The teacher walked into the room. She was young, maybe in her late twenties, early thirties. She was dressed in a straight skirt and fitted blouse, with a short haircut. Christine stood up as soon as she entered the room and introduced herself and us, shaking the woman’s hand.
‘Bonjour, Je suis Madame Rochat, et voici Monsieur et Madame Aubort, et les enfants.’
‘Bonjour, Je suis Madame Chatting.’ Pete and I stood up and shook her hand using the one word we knew well, ‘Bonjour.’
Christine and Madame Chatting chatted away in French. Pete and I tried to keep up smiling and nodding when we thought it was appropriate but it must have been obvious that we didn’t have a clue. A little way into the discussion we were asked by Madame Chatting, ‘Vous parlez Francais?’
The answer should have been a simple ‘no’, but we went for ‘a petit peu’, and offered ourselves up for embarrassment when we didn’t understand any of what Madame Chitigny said next. Christine valiantly came to our rescue and acted as our interpreter. Madame Chitigny would say something and then Christine would tell us in the simplest French words she could find, speaking very slowly, and then, when we still didn’t understand, Christine would say it all over again choosing different words, hopefully ones that we might know.
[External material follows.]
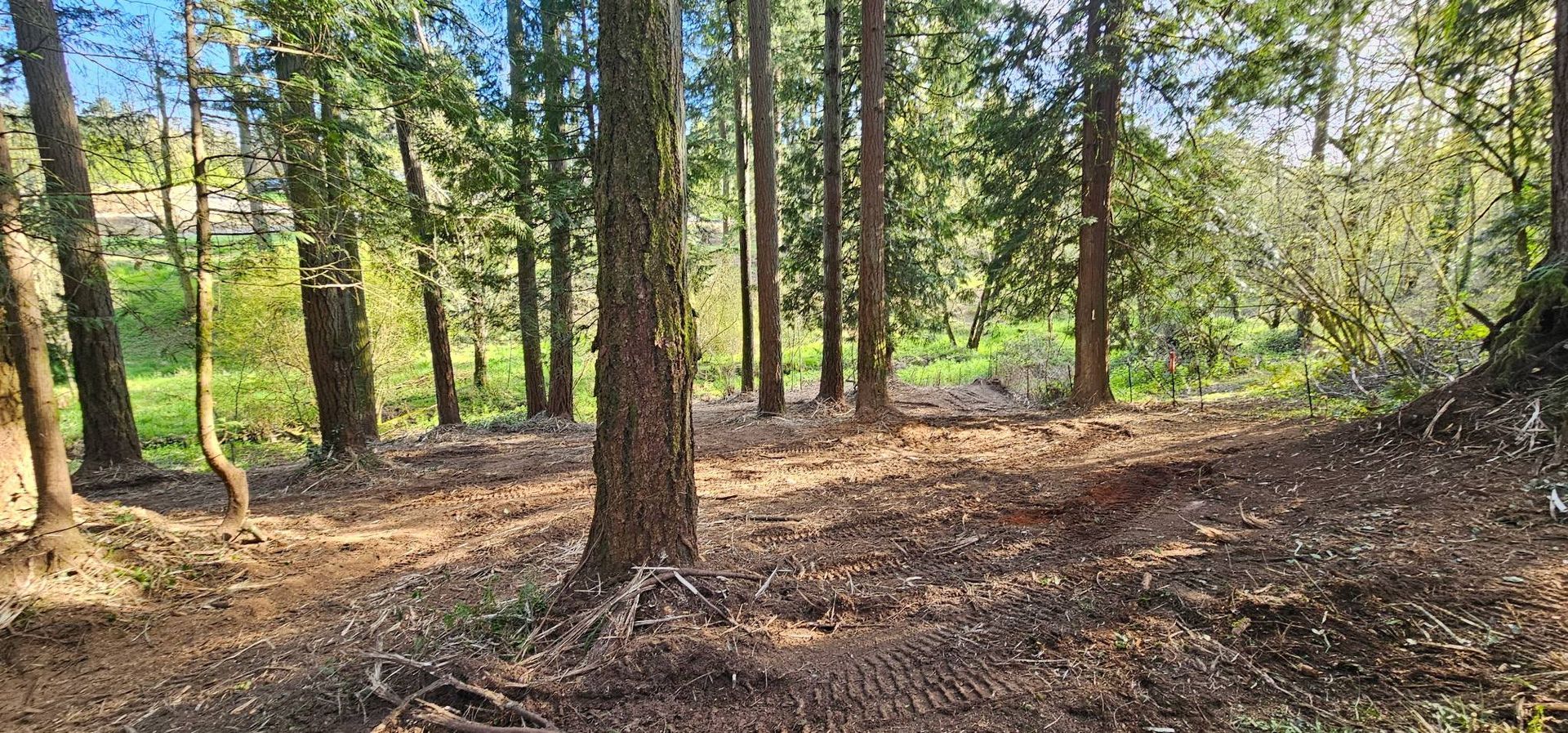 Sunny wooded area with tall trees, dry leaf-covered ground, and green field in the background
This slow process went on for about fifteen minutes before Madame Chatting, as if by magic, started speaking English. Pete and I were so stunned that there was a few seconds silence before either of us thought to answer the question she was asking.
When I did answer, she looked down at the papers in front of her on the desk and filled in a form. I looked sideways at Christine who looked just as dumb founded as I had been, and raised my eye brows in a question of ‘What the hell?’ Christine smiled and suppressed a giggle, turning the palms of her hands up to the ceiling and shrugging her shoulders.
Madame Chatting spoke again in English, having to search occasionally for the right words but otherwise seemed to have flawless English.
‘You speak very good English,’ I said before I answered her next question, feeling like I needed to give her some encouragement in case she decided it wasn’t a good idea after all.
‘Oh, no,’ she said, and to my surprise blushed.
‘You do, much better than my French,’ I didn’t say which wouldn’t be hard. ‘Where did you learn?’
‘At school. We all learn at school.’ I had to bite back the words, ‘Are you serious?’ I’d done German at school for three years and could now proudly count to twenty and say Guten Tag.
The rest of the meeting was carried out in English with the occasional lapse into French, when Christine and Madame Chatting would discuss something, then Madame Chatting would switch back to English as if it was something she did everyday.
Everything was going along fine until Madame Chatting told us that Jack and Noah would be starting in the welcome classes in their years. I asked her what a welcome class was and she told me it was a class for children who couldn’t speak French. She said the class existed primarily for the purpose of teaching French. She said Jack and Noah would go into a normal class for sport and if their maths proved to be good enough they would move into a normal maths class once they had a bit of grip on the French.
I asked her which countries the kids in the welcome class came from.
‘Mainly Portugal,’ she said, ‘But we get kids from everywhere, Brazil, Africa, Thailand, Italy and now Australia,’ she said smiling at Jack and Noah who were slowly wilting at the end of the table.
OK. So multi-culturalism is good, I’m all for it, but we brought our kids to Switzerland to be saturated in French, not to learn Portuguese.
‘What language do they speak in class?’ I asked.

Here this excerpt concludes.